Honoring the Saints
"Let no one disqualify you, insisting on asceticism and worship of angels, going on in detail about visions, puffed up without reason by his sensuous mind, and not holding fast to the Head."
If we want to learn from church history, we must look at both the errors and the successes of the Christian community. As the saying goes, "those who will not learn from the past are doomed to repeat it," so today we will look at a set of erroneous views and practices that remain points of contention—the cult of Mary and the saints.
The cult of Mary and the saints refers to those beliefs and practices that view the saints and the Virgin Mary as mediators between God and humanity. The Reformers and their heirs rejected these beliefs and practices, but they play a significant role in Roman Catholicism and Eastern Orthodoxy. We are not speaking merely of the desire to honor Mary and those who have gone before us. There is an appropriate way to honor godly people who have influenced the church for good. Paul's commendations of his fellow-workers and his call for believers to honor those who deserve it indicate that there is a way to honor others in a proper manner without detracting from the Lord's glory (Rom. 13:7; 16:1-16).
In the cult of Mary and the saints, we see vestiges of hierarchicalism, a view that understands the world primarily in a hierarchical manner. The most important person—the emperor—holds the top place in the hierarchy, followed by noblemen, then merchants, and on down to peasants and slaves. The opposite of hierarchicalism is not the idea that hierarchy is inherently bad; rather, it is the idea that all people are created equal before God, that no person has more of a claim on Him than anyone else. Hierarchicalism in the ancient world said that the higher up on the ladder you were, the closer you were to the divine.

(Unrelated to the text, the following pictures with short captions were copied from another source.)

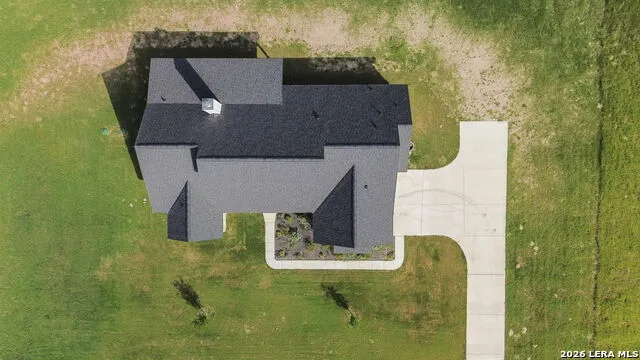 156 FIREWHEEL LOOP Floresville, TX 78114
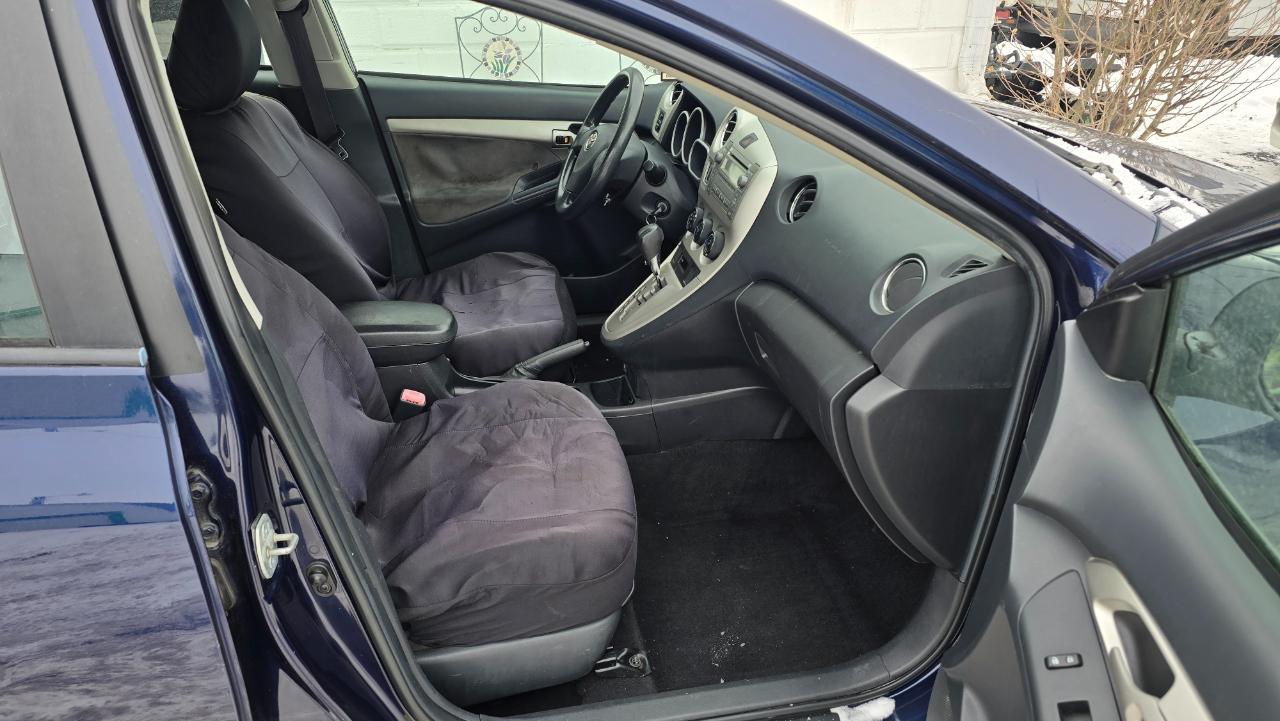 Toyota Matrix Base 4-Speed AT 2009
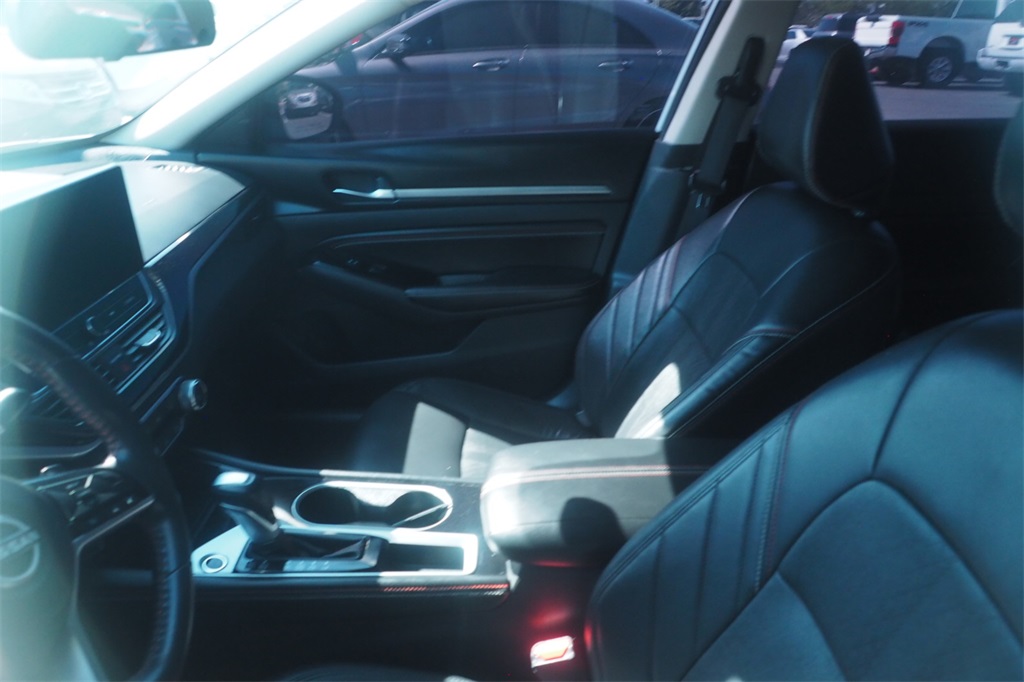 2023 Nissan Altima 2.5 SR photo 5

We are always affected by the prevailing worldview, and over time, Christian piety adopted hierarchicalism with respect to the cult of Mary and the saints. In this hierarchy, God is at the top, and just below Him are those who achieved a high degree of sanctification in their lives, followed by those who are less holy, and on down the line. Since the emperor was inclined to listen more readily to those near the top of the hierarchy, it was easy for ancient Christians to think that the Lord would be more disposed to listen to Mary and the saints than He would to the ordinary Christian.
However, asking the departed to make intercession for us, no matter how well-intentioned, cannot be justified on a biblical basis. Scripture calls us to pray to God alone through Christ—the only Mediator (1 Tim. 2:5).
Coram Deo
One of the most significant achievements of the Protestant Reformation was the recovery of the biblical truth that Christ is the sole Mediator between God and man. When this truth is proclaimed, we have confidence to approach the Lord with humility, to see Him as our Father who loves us and wants us to come to Him with all of our needs, no matter how insignificant we think they happen to be.